Instead of defining physical reality and analyzing change in terms of Aristotelian substance and form and the classical four elements of earth, air, fire, and water—or the three Paracelsian elements of salt, sulfur, and mercury—corpuscularism discussed reality and change in terms of particles and their motion. Robert Boyle F. Boyle believed that chemical experiments could demonstrate the truth of the corpuscularian philosophy.
He was probably referring to the uniform corpuscles—which were as yet unobserved—out of which corpuscular aggregates were formed, not using elements as Antoine-Laurent Lavoisier and others used the term in the 18th century to refer to different substances that could not be broken down further by chemical methods. In his experiments Boyle made many important observations, including that of the weight gain by metals when they are heated to become calxes. These projects were records of chemical experiments and other empirical observations concerning the given substance.
The goal was to create a sort of publicly accessible database of the chemical analysis of every known substance. Concerning salt, a basic chemical principle according to the Paracelsians, Boyle claimed to be able to distinguish three different kinds, each of which he could chemically produce.

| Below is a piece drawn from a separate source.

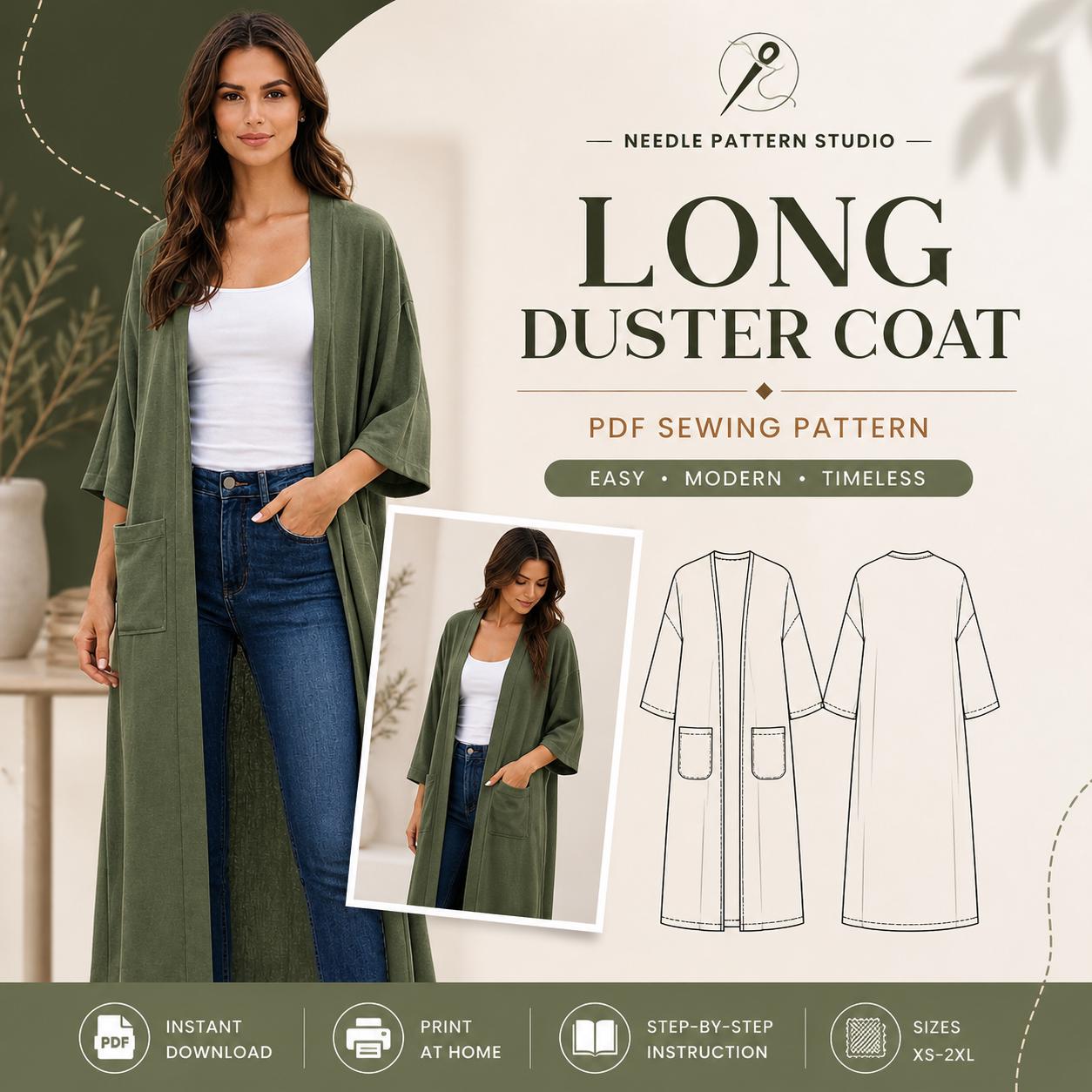 Women's Duster Coat Sewing Pattern | Relaxed Kimono Jacket With Pockets ...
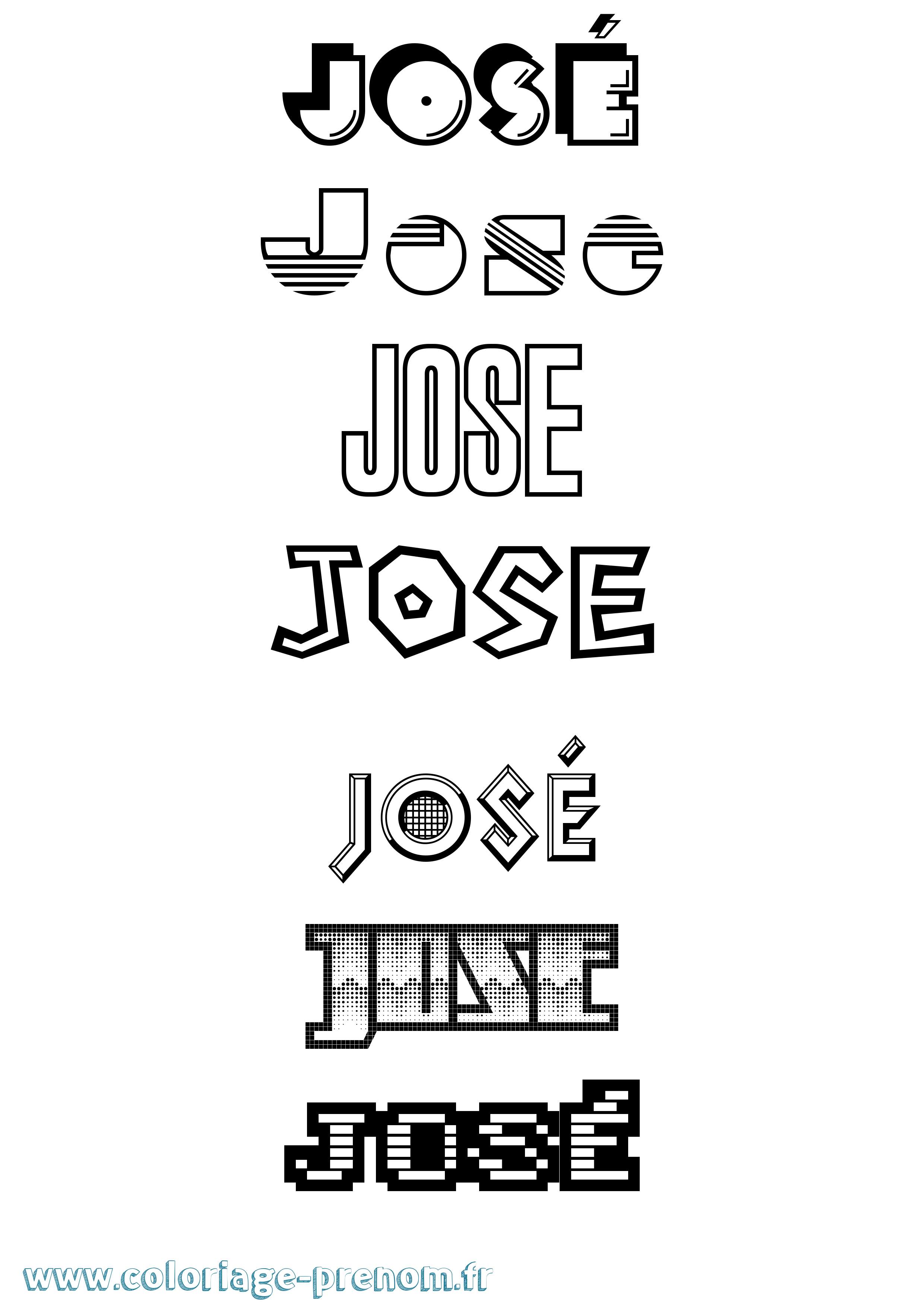 Coloriage José Jeux Vidéos Coloriage prénom José Jeux Vidéos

Boyle believed colors were caused by the mechanical properties of material corpuscles. He also analyzed samples of phosphorous he had acquired, which produce light chemically. Boyle achieved significant success in these endeavors, though this pales in comparison to the success of later philosophers on the nature of color.
This line of investigation also led Boyle to discover things not directly related to color, such as a reliable method of distinguishing an acid from a base. Developing an interpretation of a laboratory accident of Hennig Brandt, in Boyle saturated some coarse paper in phosphorous and drew a stick coated with sulfur across it, creating a steady flame.
This was the first friction match. The creation of a reliable and eventually safe way to easily produce fire was a major technological advancement that changed the world. Boyle spent the last twenty years of his life engaged, often with the help of Ranelagh, in the chemical analysis of medical recipes.
These efforts did much to bring chemistry out of the shadows of alchemy and into the light of social respectability. Throughout his work in chemistry, Boyle advocated openness in the publication of experimental results, including even those experiments that were unsuccessful. Nonetheless, there were exceptions to this openness involving alchemy. Many of the early modern philosophers, most notably Isaac Newton, had a significant interest in alchemy, and Boyle was no exception.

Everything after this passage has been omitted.